**What you need to do**
Pictures excluded, output the lines of the data below between the one holding "ML Aluminum Alloy Folding Trekking Pole" and the one holding "摇号查询北京/北京摇号申请官方网站入口查询系统", inclusive, exactly as they stand.

**Extracted material**
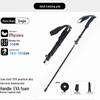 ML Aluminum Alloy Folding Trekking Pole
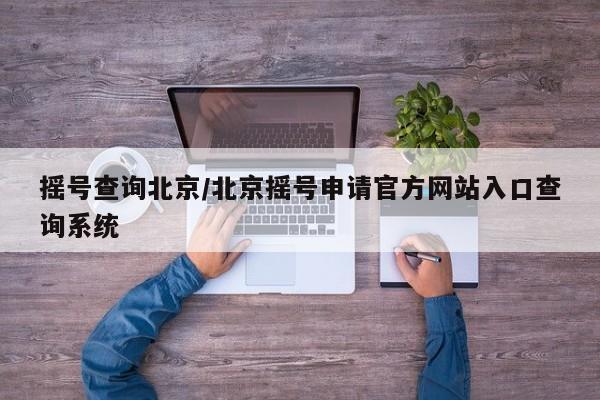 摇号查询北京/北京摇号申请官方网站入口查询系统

---

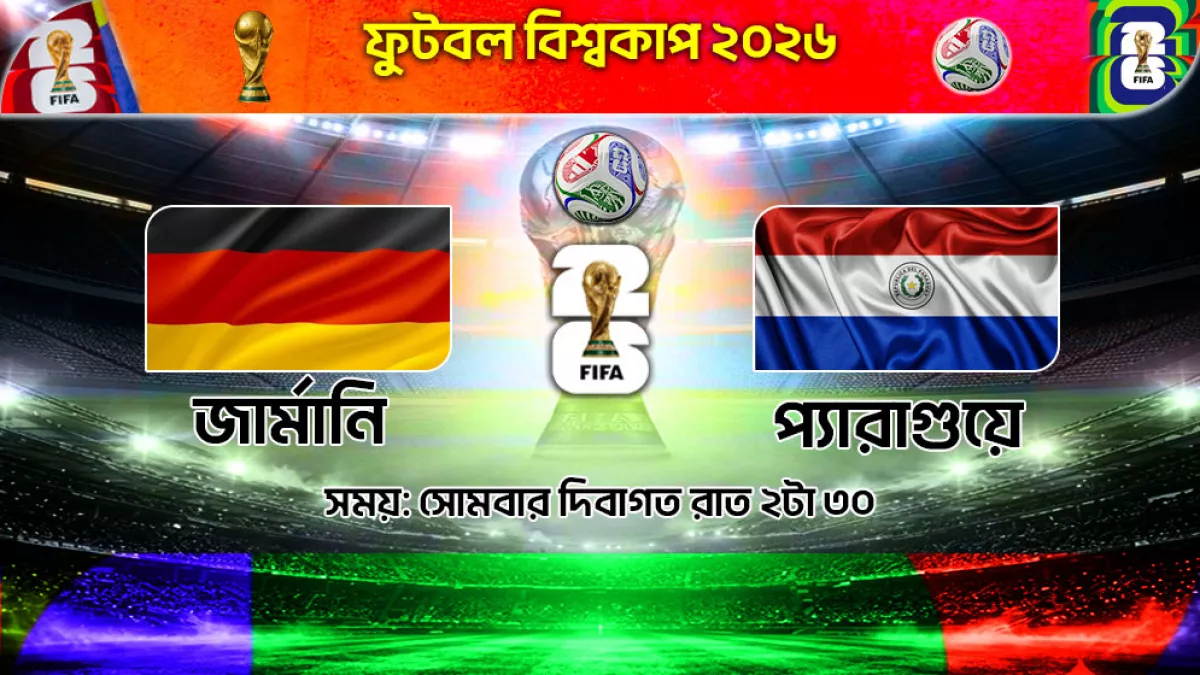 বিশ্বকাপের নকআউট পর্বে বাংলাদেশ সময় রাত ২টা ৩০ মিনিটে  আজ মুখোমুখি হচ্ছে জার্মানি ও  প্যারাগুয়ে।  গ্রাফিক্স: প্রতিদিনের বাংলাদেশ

**Response area**
 ML Aluminum Alloy Folding Trekking Pole
 摇号查询北京/北京摇号申请官方网站入口查询系统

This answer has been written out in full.